Chris Henry

Code

Privacy-Preserving Face Recognition and Verification using a Lensless Camera

Facial recognition technology is becoming increasingly ubiquitous nowadays. Facial recognition systems rely upon large amounts of facial image data. This raises serious privacy concerns since storing this facial data securely is challenging given the constant risk of data breaches or hacking. This paper proposes a privacy-preserving face recognition and verification system that works without compromising the user’s privacy. It utilizes sensor measurements captured by a lensless camera - FlatCam. These sensor measurements are visually unintelligible, preserving the user’s privacy. Our solution works without the knowledge of the camera sensor’s Point Spread Function and does not require image reconstruction at any stage. In order to perform face recognition without information on face images, we propose a Discrete Cosine Transform (DCT) domain sensor measurement learning scheme that can recognize faces without revealing face images. We compute a frequency domain representation by computing the DCT of the sensor measurement at multiple resolutions and then splitting the result into multiple subbands. The network trained using this DCT representation results in huge accuracy gains compared to the accuracy obtained after directly training with sensor measurement. In addition, we further enhance the security of the system by introducing pseudo-random noise at random DCT coefficient locations as a secret key in the proposed DCT representation. It is virtually impossible to recover the face images from the DCT representation without the knowledge of the camera parameters and the noise locations. We evaluated the proposed system on a real lensless camera dataset - the FlatCam Face dataset. Experimental results demonstrate the system is highly secure and can achieve a recognition accuracy of 93.97% while maintaining strong user privacy.

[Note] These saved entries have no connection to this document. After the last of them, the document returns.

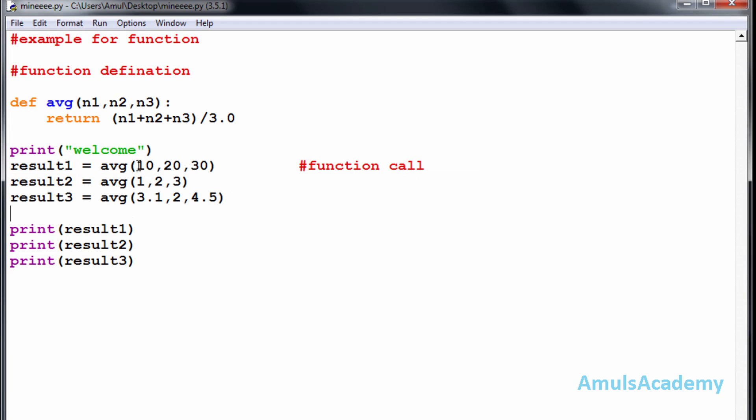We can see here we pass the values 10, 20, 30 when we call this function. N1 will take the value 10, N2 will take 20, and N3 will take 30.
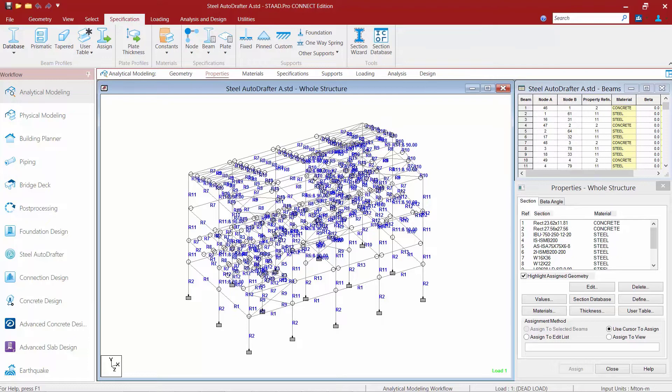Now that we've reviewed the properties that were assigned to the members in our model, we're ready to move on with our workflow. If you plan on using the Steel AutoDrafter, the rest of your workflow in STAAD Pro would be the same as it would for analyzing any other structure. The Steel AutoDrafter does depend upon the results from a STAAD Pro analysis, so we do need to perform the analysis before accessing that area of the program.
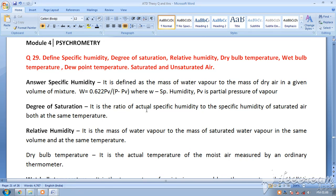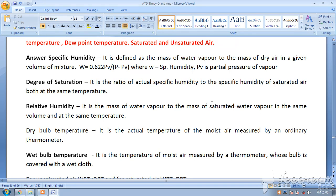Relative humidity is the mass of water vapor to the mass of saturated water vapor in the same volume and at the same temperature. It is the ratio of actual water vapor mass to the saturated water vapor mass. Dry bulb temperature is the temperature measured when the bulb of the thermometer is dry — it is the actual temperature of moist air measured by an ordinary thermometer.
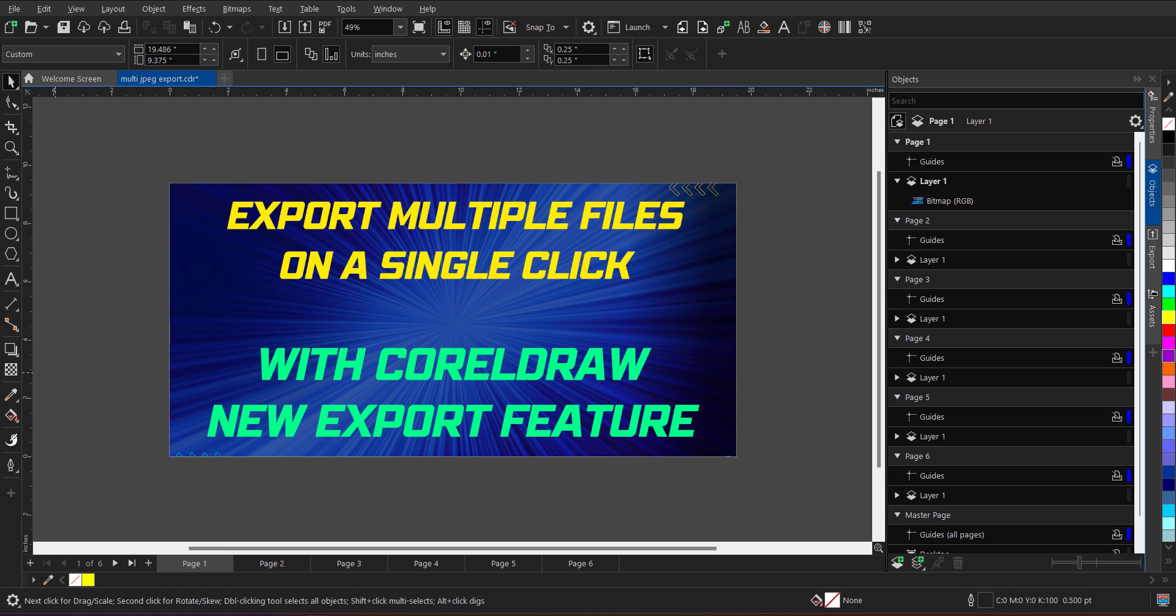Hello everyone, welcome to my channel. In this tutorial, I am going to guide you how to export multiple files using CorelDRAW with the new export docker. So without wasting time, let's get started with CorelDRAW.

Fast Video Deduplication and Localization With Temporal Consistence Re-Ranking

The use of social media networks and mobile devices has experienced tremendous growth in recent years. This has led to a surge in the number of videos recorded and uploaded to social media platforms like TikTok and YouTube. However, this increase has also resulted in the rise of illegal duplicate videos, which are essentially the same as the original videos but with minor editing effects and variations in coding. In addition, the large number of duplicate videos is a major storage and communication efficiency issue. The task of finding duplicate videos from a large repository is referred to as video deduplication. Video deduplication is a crucial task for applications like saving storage space and detecting copyright infringement. This work proposes a fast and robust location-aware video deduplication system capable of retrieving duplicate videos from a large repository extremely quickly. In addition, the proposed system has the ability to find the precise location of the query video in the retrieved videos. To identify and localize short video clips against large video repositories, we utilize robust image-level features from keypoint aggregation and deep learning along with an efficient KNN search of query frames with a multiple k-d tree setup, giving us a set of candidate video clips. Then, a fast temporal consistence pruning algorithm re-ranks the clip-level candidates and identifies the matching clip along with its temporal location in a sequence in an efficient way. The system was tested on 1 million frame/145 hour and 4.5 million frame/636 hour repositories generated via the large-scale FIVR-200K and VCSL datasets, respectively. The proposed system achieves a recall of 98.8% and 94.1% for the FIVR-200K and VCSL datasets, respectively. A query frame is searched as fast as 83.96ms and 462.59ms from a 1 million frame/ 145 hour and a 4.5 million frame/636 hour repository, respectively. These experimental results demonstrate that our system is highly accurate and that the time consumption is extremely low for retrieving video along with its timestamp information from large-scale repositories.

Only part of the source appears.